Bug 104718 - SAXParseException: Allow to recover XML as much as possible from the document
Summary: SAXParseException: Allow to recover XML as much as possible from the document
Alias: None
Product: LibreOffice
Classification: Unclassified
Component: filters and storage (show other bugs)
(earliest affected)
Hardware: All All
: medium enhancement
Assignee: Mike Kaganski
Whiteboard: target:5.4.0
Depends on:
Reported: 2016-12-16 17:36 UTC by Mike Kaganski
Modified: 2017-01-22 05:04 UTC (History)
1 user (show)

See Also:
Crash report or crash signature:


Note You need to log in before you can comment on or make changes to this bug.
Description Mike Kaganski 2016-12-16 17:36:05 UTC
Currently (since 5.0.4), when LO opens an XML format (ODF, OOXML) file with errors (like duplicated attributes, data-past-body etc.) an error "SAXParseException: ..." is returned to user, and the file isn't opened.

This is the result of better error detection/handling introduced by commit ebf767eeb2a169ba533e1b2ffccf16f41d95df35, and allowed us to detect and fix quite a number of errors. However, it is really a problem for end users being unable to open the corrupted files that were possible to be open previously. This leads, e.g., to creations of HOWTOs in Ask Libreoffice, that describe using AOO as correct way to open those files.

I suggest changing current operation logic to be like that:
If SAXParseException was generated during XML parsing, then display something like this to user:
"This file is corrupted (<Here goes current SAXParseException message>). LibreOffice may try to recover as much as possible, but be prepared that some information can be damaged or lost.
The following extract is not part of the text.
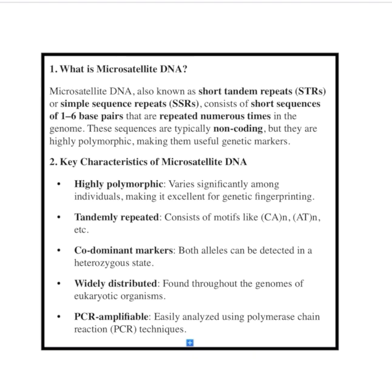These sequences are unique to individuals and can differ even between closely related species. That's what makes them so valuable for studying evolution and relationships among species, especially in wildlife biology, conservation, and even forensic science.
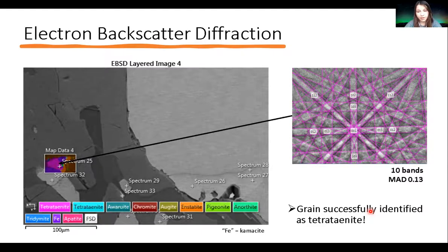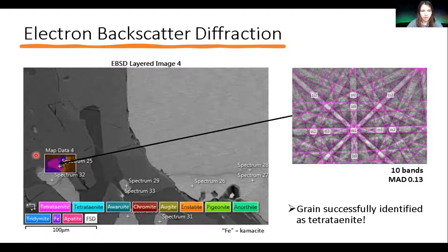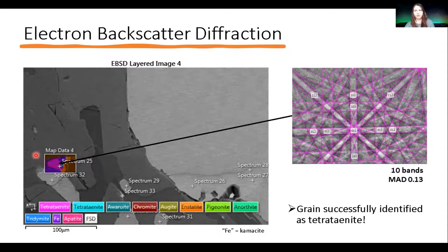EBSD was then applied to get structural information on the crystals, and they were all successfully identified as tetrataenite — which is great. Here is a tiny EBSD map (shown for timing constraints) of one of these grains.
Do you want to proceed?"

If user says "yes", then parsing continues as it worked before ebf767eeb2a169ba533e1b2ffccf16f41d95df35. Following SAXParseException are handled as if used answered "yes" each time.

If an unrecoverable exception is encountered, then, of course, return message "File cannot be recovered".

I suppose that the nature of the message is clear enough, and users will continue to file reports about such problems (esp. if the problematic file was previously generated using LO).
Comment 1 MM 2016-12-23 19:39:56 UTC
I've seen more reports like that, so it would be nice if LO atleast opens the file and recovers as much as possible.
Comment 2 Mike Kaganski 2017-01-16 18:28:09 UTC
A patch is submitted to gerrit: https://gerrit.libreoffice.org/33181
Comment 3 Commit Notification 2017-01-19 07:02:41 UTC
Mike Kaganski committed a patch related to this issue.
It has been pushed to "master":


tdf#104718: Prompt user to continue on SAXException

It will be available in 5.4.0.

The patch should be included in the daily builds available at
http://dev-builds.libreoffice.org/daily/ in the next 24-48 hours. More
information about daily builds can be found at:

Affected users are encouraged to test the fix and report feedback.